[Start of section]

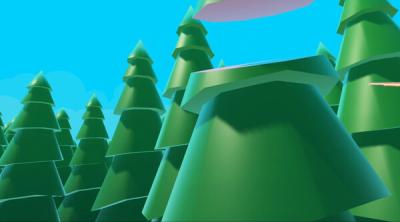 Screenshot of Grapple Flow VR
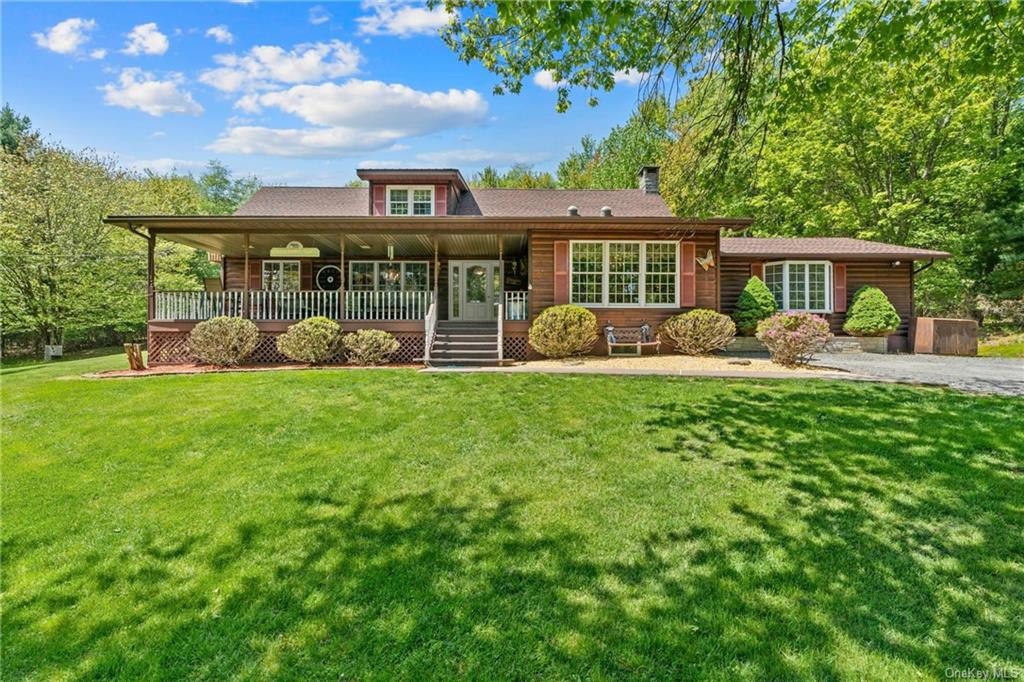 Property for Sale at 180 Pine Road, Woodbourne, New York - Bedrooms: 4 
Bathrooms: 2 
Rooms: 9  - $1,390,000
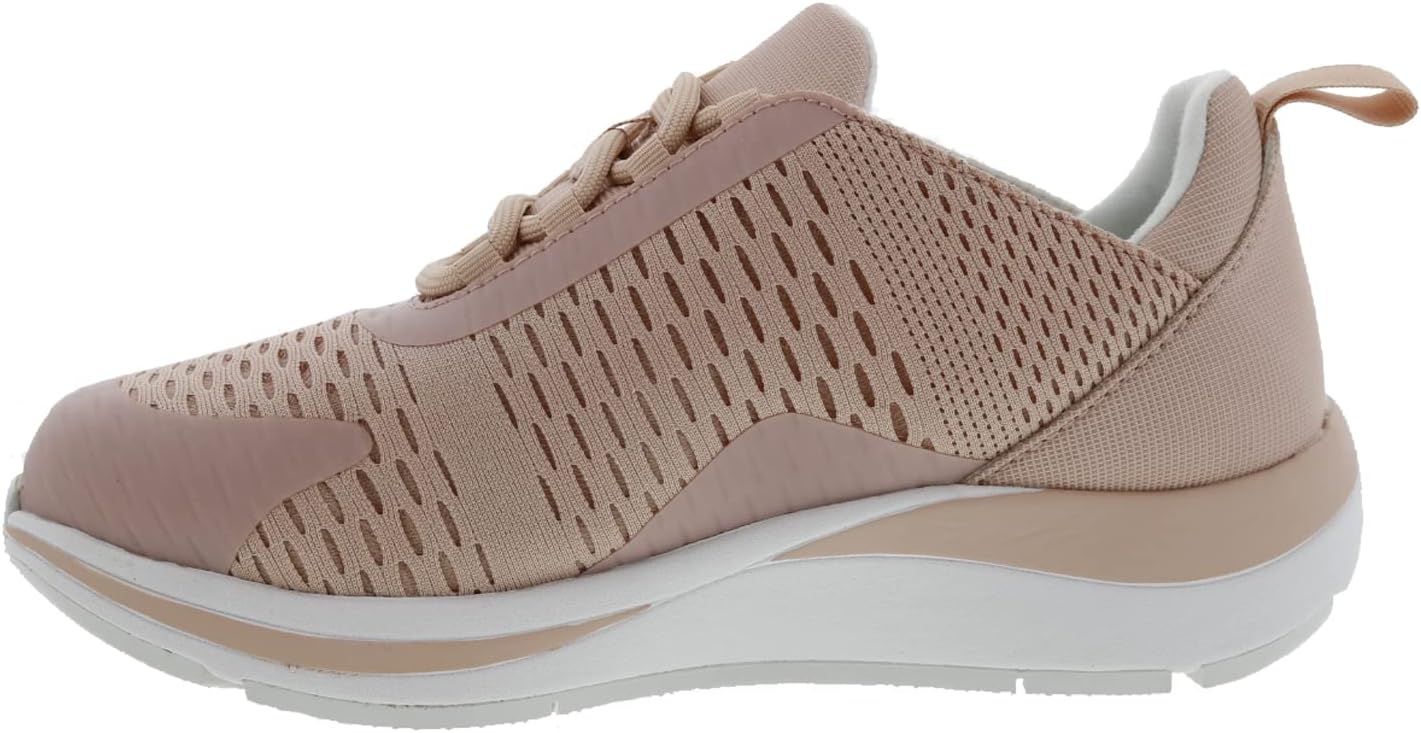 Drew Sprinter Womens Slip Resistant with Flexknit Sneaker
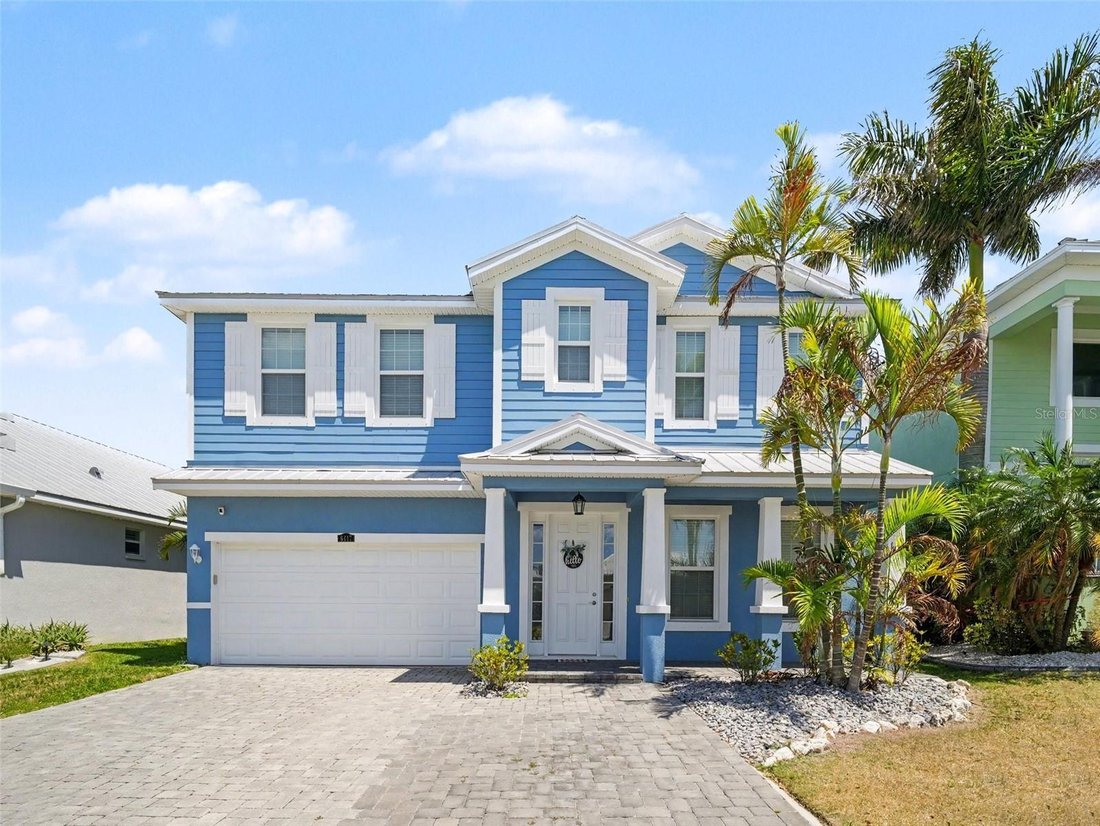 House in Apollo Beach, Florida, United States 1 - 17812836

[End of section]

Set down exactly, line for line, the data from the line that contains "Property for Sale" through its last line, keeping pictures out.

 Property for Sale at 180 Pine Road, Woodbourne, New York - Bedrooms: 4 
Bathrooms: 2 
Rooms: 9  - $1,390,000
 Drew Sprinter Womens Slip Resistant with Flexknit Sneaker
 House in Apollo Beach, Florida, United States 1 - 17812836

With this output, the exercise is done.